Question

Find the value of $\cos 120{}^{\circ }$.

Answer 1

Hint: In a right-angled triangle with the length of the side opposite to angle θ as perpendicular (P), base (B) and hypotenuse (H):
 $\sin \theta ={\displaystyle \frac{P}{H}},\cos \theta ={\displaystyle \frac{B}{H}},\tan \theta ={\displaystyle \frac{P}{B}}$
 $P^2+B^2=H^2$ (Pythagoras' Theorem)
If a point P is at a distance $r$ from the origin, then the coordinates of the point are $(r\cos \theta ,r\sin \theta )$, where $\theta$ is angle made by line OP with the positive direction of the x-axis.
Find the coordinates of a point which is 1 unit far from the origin and makes an angle of $120{}^{\circ }$ with the x-axis. The x-co-ordinate of the point is the value of $\cos 120{}^{\circ }$.

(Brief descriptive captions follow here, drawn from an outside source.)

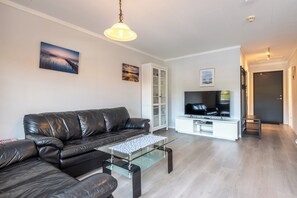 شقة عادية (1) | منطقة المعيشة | تلفزيون بشاشة مسطحة بحجم 35-بوصة يعرض قنوات فضائية، تلفزيون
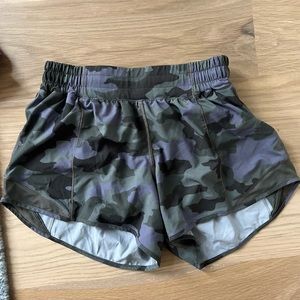 Lululemon Hotty Hot 4” size 6 short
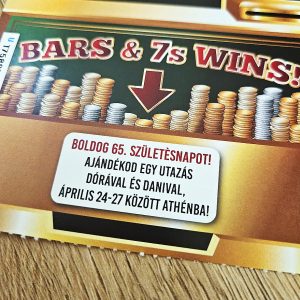 athen-repulo-nyaralas-szuletesnap-ajandek-atadas-utazas-egyedi-kaparos-sorsjegy-felkaru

Complete step by step answer:
Let us mark a point P on the graph paper, at distance of 1 unit from the origin, such that OP makes an angle of $120{}^{\circ }$ with the positive direction of the x-axis.
From the definition of trigonometric ratios, we know that the x-co-ordinate of the point P is the value of $\cos 120{}^{\circ }$ and the y-coordinate is the value of $\sin 120{}^{\circ }$.

The $\mathrm{\Delta }PSO$ in the above diagram is an equilateral triangle.
∴ $OP=OS=1$ ... (1)
Also, $\mathrm{\Delta }PTO\cong \mathrm{\Delta }PTS$ ... (Using ASA congruence)
∴ $ST=OT={\displaystyle \frac{1}{2}}OS$
⇒ $OT={\displaystyle \frac{1}{2}}\times 1={\displaystyle \frac{1}{2}}$ ... [Using equation (1)]
It means that the coordinates of the point T are $(-{\displaystyle \frac{1}{2}},0)$.
Since the point P is on the perpendicular line at point T, its x-co-ordinate must also be the same as that of T, i.e. $-{\displaystyle \frac{1}{2}}$.
It follows that $\cos 120{}^{\circ }=-{\displaystyle \frac{1}{2}}$.

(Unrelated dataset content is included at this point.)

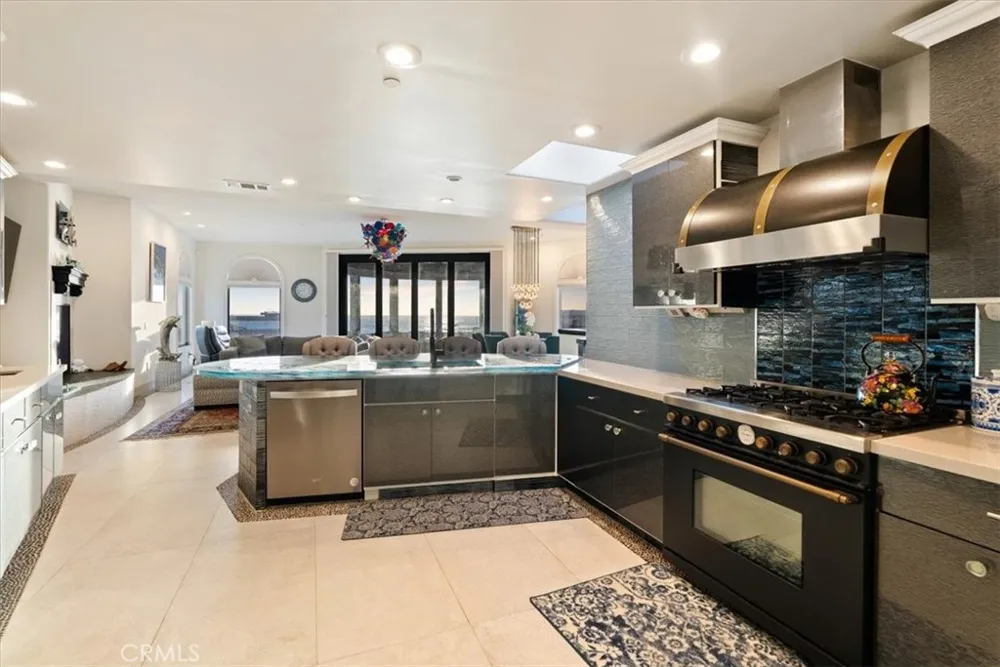2090 Sherwood Cambria, CA 93428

Note: Now that we know the lengths of OP and OT, we can use Pythagoras' theorem and find PT as well, which is the y-coordinate of P, i.e. $\sin 120{}^{\circ }$.
Rule of CAST: In the IV, I, II and III quadrants, $\cos \theta$, All trigonometric ratios, $\sin \theta$ and $\tan \theta$ are positive, respectively.
Trigonometric Ratios for Allied Angles:
 $\sin (-\theta )=-\sin \theta$ $\cos (-\theta )=\cos \theta$
 $\sin (2n\pi +\theta )=\sin \theta$ $\cos (2n\pi +\theta )=\cos \theta$
 $\sin (n\pi +\theta )={(-1)}^n\sin \theta$ $\cos (n\pi +\theta )={(-1)}^n\cos \theta$
 $\sin [(2n+1){\displaystyle \frac{\pi }{2}}+\theta ]={(-1)}^n\cos \theta$ $\cos [(2n+1){\displaystyle \frac{\pi }{2}}+\theta ]={(-1)}^n(-\sin \theta )$
If one trigonometric ratio is known, we can use Pythagoras' Theorem and calculate the values of all other trigonometric ratios.